Kaggle Link: https://www.kaggle.com/datasets/sakshisatre/the-boston-housing-dataset
file = "C:\\Users\\Jonathan Burns\\OneDrive\\Documents\\Masters Data Science\\Spring 2024\\DATA 605\\Boston (1).csv"
df <- read.csv(file)
There were a bunch more variables but I picked the 5 I thought would be the most impactful.
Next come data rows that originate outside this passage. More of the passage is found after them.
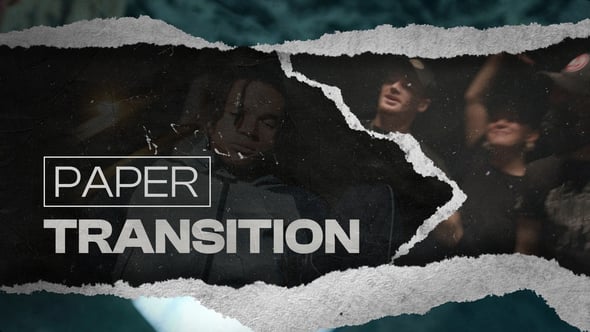 Videohive Paper Transition 60935727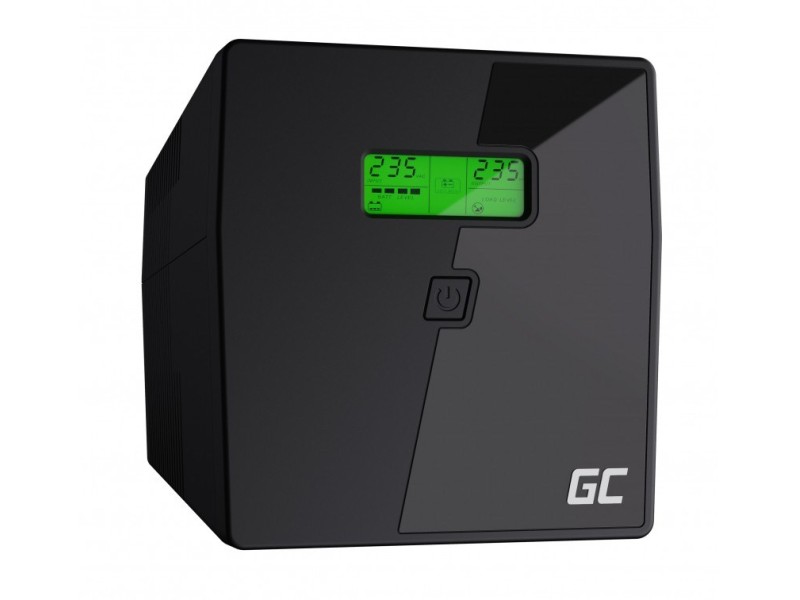 Green Cell UPS03 uninterruptible power supply (UPS) Line-Interactive 1.999 kVA 600 W 4 AC outlet(s) UPS03 – Green Cell Line Interactive UPS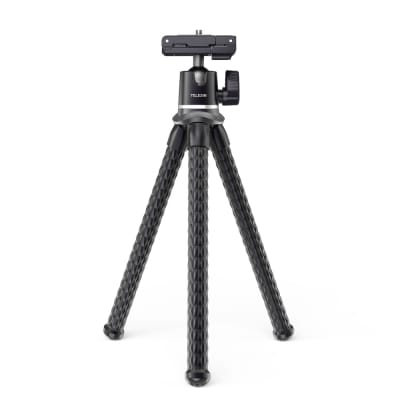 TELESIN TE-TRP-001 FLEXIBLE OCTOPUS TRIPOD WITH 2-IN-1 MOUNT | Action/ 360 Cameras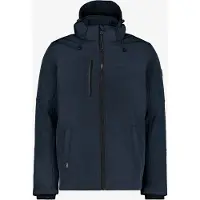 Kjelvik gewatteerde heren softshell jas blauw maat XXXL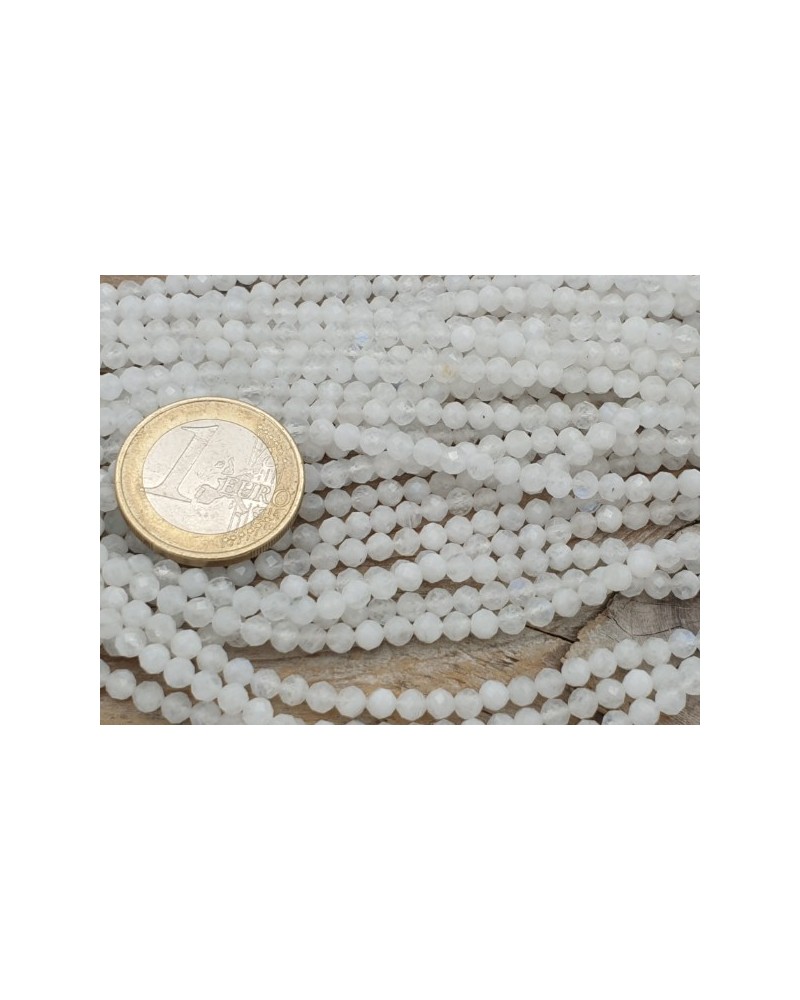 Mondsteintkette facettiert 3.5mm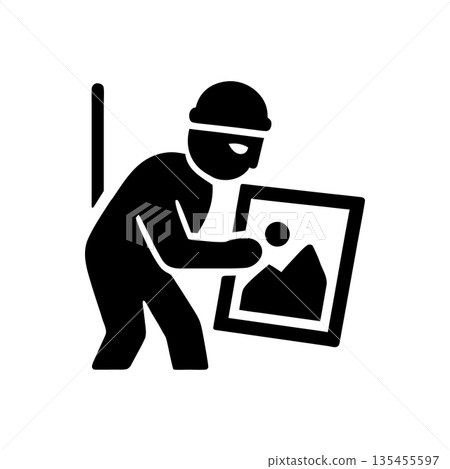 Fine Art Heist Icon Fine Art Heist Icon 135455597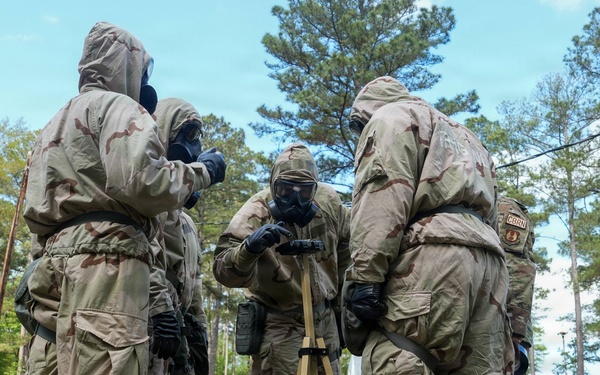 Team Robins CBRN defense class: Training for invisible threats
model <- lm(MEDV ~ CRIM + AGE + DIS + RM + TAX, data = df)
summary(model)
##
## Call:
## lm(formula = MEDV ~ CRIM + AGE + DIS + RM + TAX, data = df)
##
## Residuals:
## Min 1Q Median 3Q Max
## -17.614 -2.911 -0.833 1.987 40.959
##
## Coefficients:
## Estimate Std. Error t value Pr(>|t|)
## (Intercept) -11.796901 3.236248 -3.645 0.000295 ***
## CRIM -0.140933 0.037531 -3.755 0.000194 ***
## AGE -0.079425 0.014272 -5.565 4.28e-08 ***
## DIS -0.944654 0.194106 -4.867 1.52e-06 ***
## RM 7.731058 0.390879 19.779 < 2e-16 ***
## TAX -0.011553 0.002144 -5.389 1.09e-07 ***
## ---
## Signif. codes: 0 '***' 0.001 '**' 0.01 '*' 0.05 '.' 0.1 ' ' 1
##
## Residual standard error: 5.856 on 500 degrees of freedom
## Multiple R-squared: 0.5986, Adjusted R-squared: 0.5946
## F-statistic: 149.2 on 5 and 500 DF, p-value: < 2.2e-16
Looking at the summary table the pvalues for my predictor variables are promising. Moreover the median values are close to zero and the Multiple R-Squared shows that around 60% of the variance is explained by the predicator variables. Lastly the Adjusted R-Squared shows that all of the variables are providing to the regression.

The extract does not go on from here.